Everything about GetMappedRange

Update 01/25/2022

GetMappedRangeV2 API has byte array in its request and reply, thus it can be extended easily(e.g. add new fields in request or reply).

Request Schema:The first byte is always version.Each field is a type code followed by the contents.

Version = 2

byte[0] = version
byte[1] = type code of int matchIndex
byte[2-5] = matchIndex content in little endian
byte[6] = type code of bool fetchLocalOnly
byte[7] = fetchLocalOnly content

Reply Schema:The first byte is always version. Each field is a type code followed by the contents.

Version = 2

byte[0] = version
byte[1] = type code of int local
byte[2] = local content

GetMappedRange is an experimental feature introduced in FDB 7.1. It is intended to improve the client throughput and reduce latency for a commonly used traffic pattern. An experiment with Record Layer shows that this optimization can get 4x client throughput on a certain workload.
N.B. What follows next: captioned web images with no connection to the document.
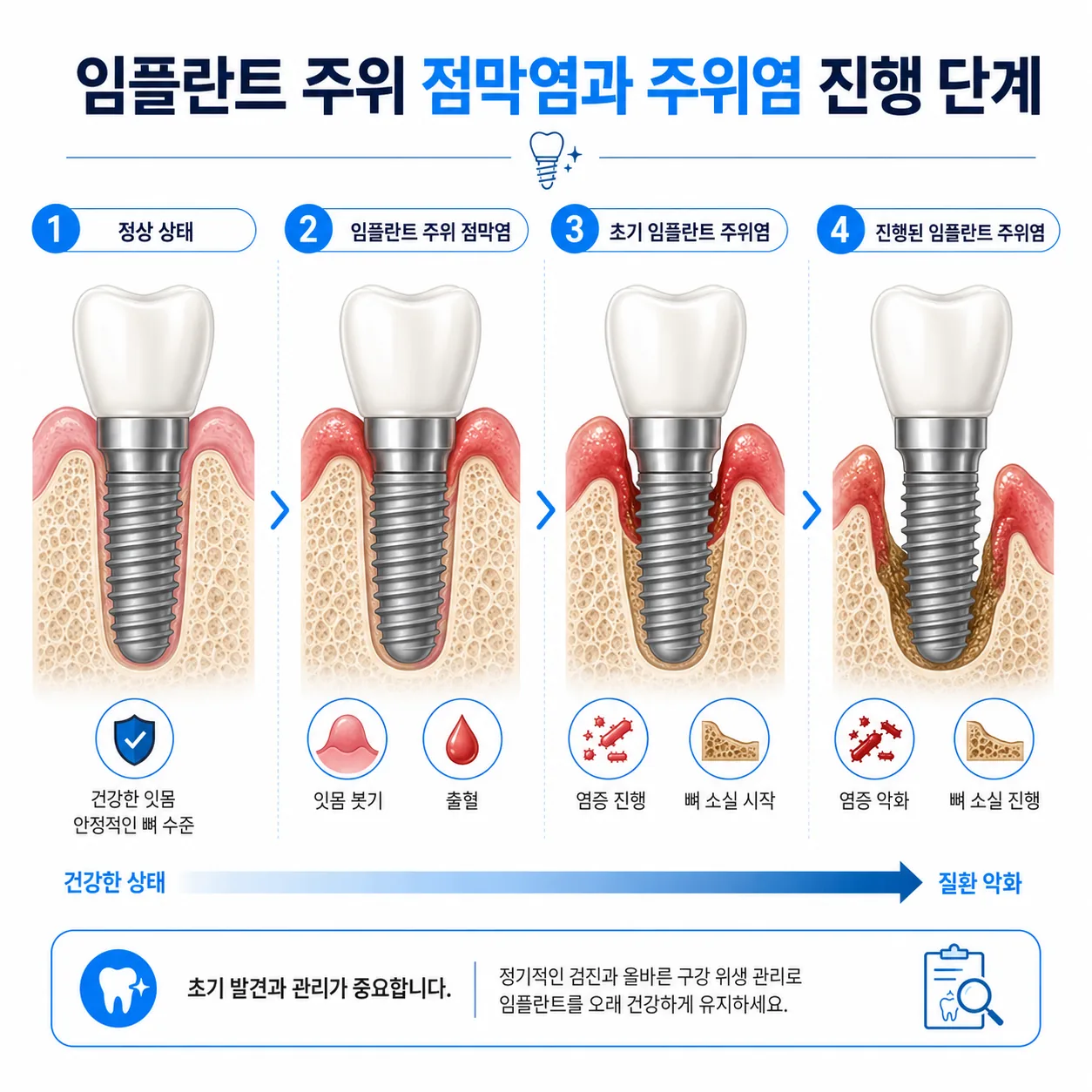 임플란트 주위염 진행 단계와 정기검진 필요성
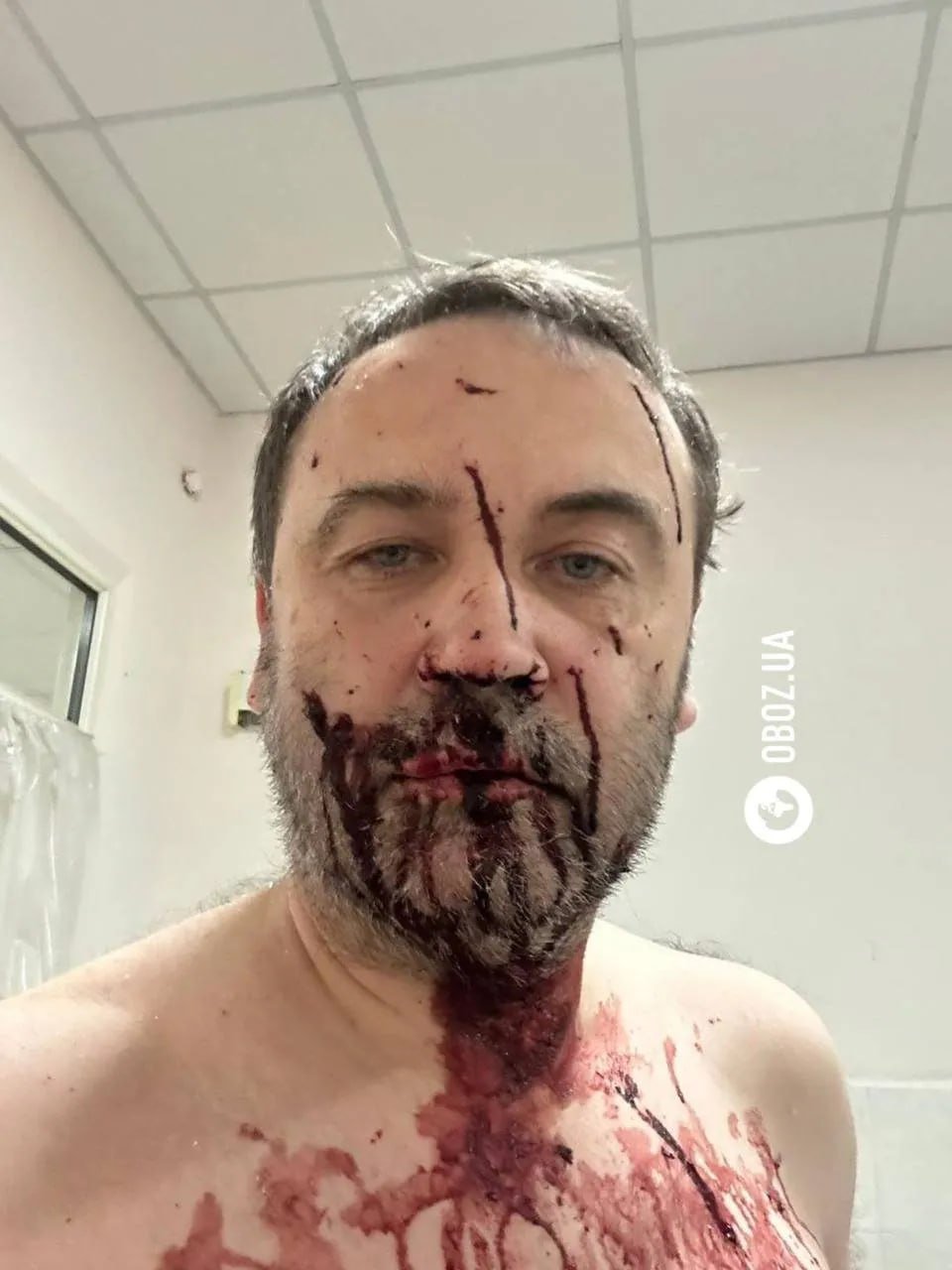 Photo: Obozrevatel.ua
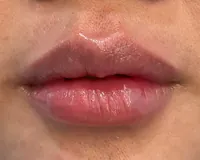 Sesudah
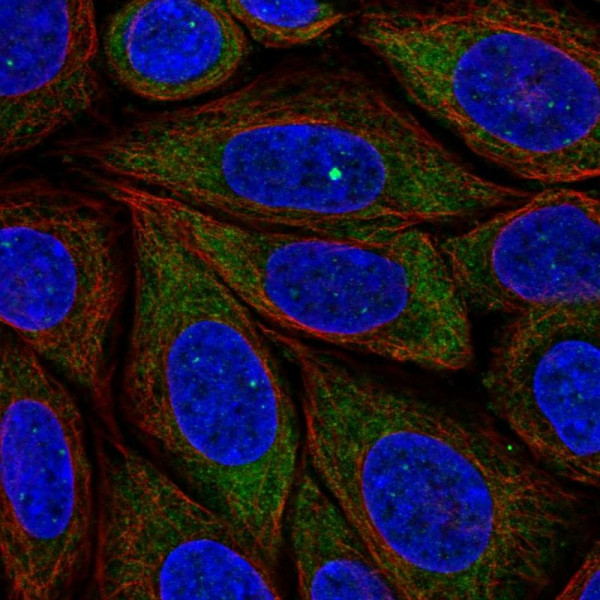 Anti-PRRC2B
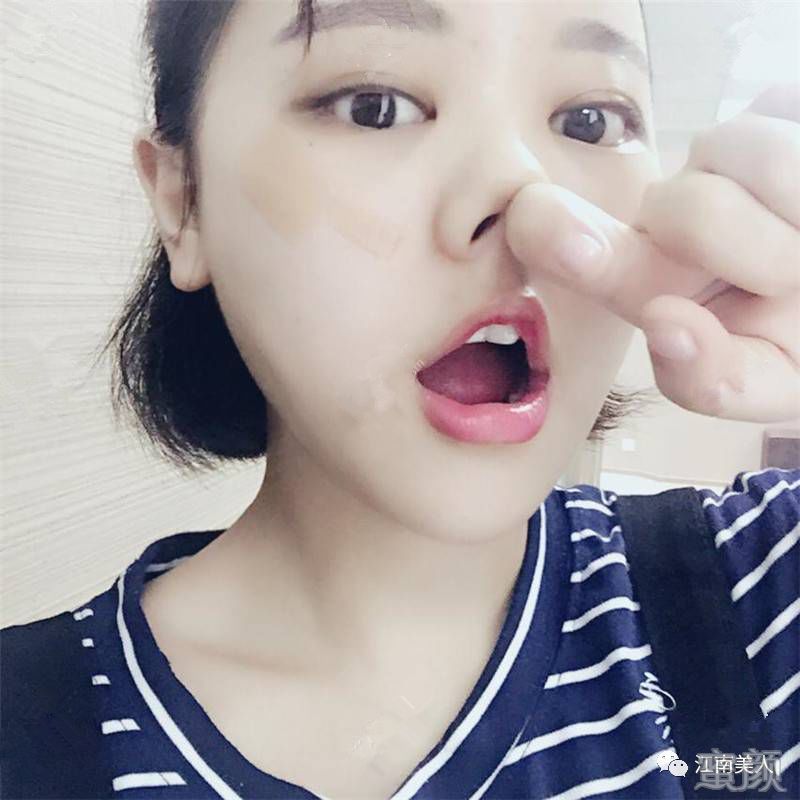 案例图片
This document describes what this feature is for, how to use it, and the known issues (or future work).

Background

Layers (like Record Layer) are developed on top of FDB to build relational databases. And index lookup is the bread and butter of relational databases (especially OLTP databases).

A common way to model secondary indexes with a key-value database like FDB is to have an additional key-value pair for each record as an index entry (See more details in FDB Data Modeling or FDB Record Layer paper). In such a case, querying records by scanning an index in relational databases can be translated to a GetRange request on the index entries followed up by multiple GetValue requests for the record entries in FDB.

This means a relational database query is translated to multiple FDB requests. If we can teach FDB how to "follow up" a GetRange request with GetValue requests, this can happen in one request without additional back and forth. Considering the overhead of each request, this saves time and resources on serialization, deserialization, and network.

A new one-request API is needed to do this work. We name it GetMappedRange. A GetMappedRange request needs to:

Do a range query (same as a GetRange request) and get the result. We call it the primary query.
For each key-value pair in the primary query result, translate it to a GetValue (get) or GetRange (getRange) query and get the result. We call them secondary queries.
Put all results in a nested structure and return them.

Note: Do not confuse the name “primary” and “secondary” with the concept of primary index and secondary index in relational databases. There is no secondary index abstraction in FDB. And, interestingly, considering the original use case of GetMappedRange described above, we use the primary GetRange to scan secondary index entries and then use secondary GetValue to fetch records from corresponding primary keys.

APIs

The APIs are provided at different layers of the FDB client:

Transaction (NativeAPI.actor.h): getMappedRange.
ReadYourWritesTransaction (ReadYourWrites.h): getMappedRange. It wraps around Transaction and provides read-your-writes and serializable semantics.
C Binding (fdb_c.h): fdb_transaction_get_mapped_range. It wraps around ReadYourWritesTransaction.
Java Binding ReadTransaction (ReadTransaction.java): getMappedRange. It wraps around the C Binding.

Input

The arguments are the same as the ordinary getRange/fdb_transaction_get_range, except that there is a new argument called Mapper.

The Mapper is a byte array that defines how to map a key-value pair (one of the key-value pairs you get from the first range query) to a GetRange (or GetValue) request.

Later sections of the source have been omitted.